• _Exercise requirements_: Each line of the data below that includes the string "Vintage" must be copied.

• _Provided information_:
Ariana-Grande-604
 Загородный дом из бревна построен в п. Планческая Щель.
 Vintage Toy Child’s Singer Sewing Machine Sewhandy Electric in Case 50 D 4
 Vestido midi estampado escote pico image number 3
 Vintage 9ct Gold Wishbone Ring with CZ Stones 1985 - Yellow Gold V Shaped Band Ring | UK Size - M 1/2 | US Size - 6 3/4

• _Answer area_:
 Vintage Toy Child’s Singer Sewing Machine Sewhandy Electric in Case 50 D 4
 Vintage 9ct Gold Wishbone Ring with CZ Stones 1985 - Yellow Gold V Shaped Band Ring | UK Size - M 1/2 | US Size - 6 3/4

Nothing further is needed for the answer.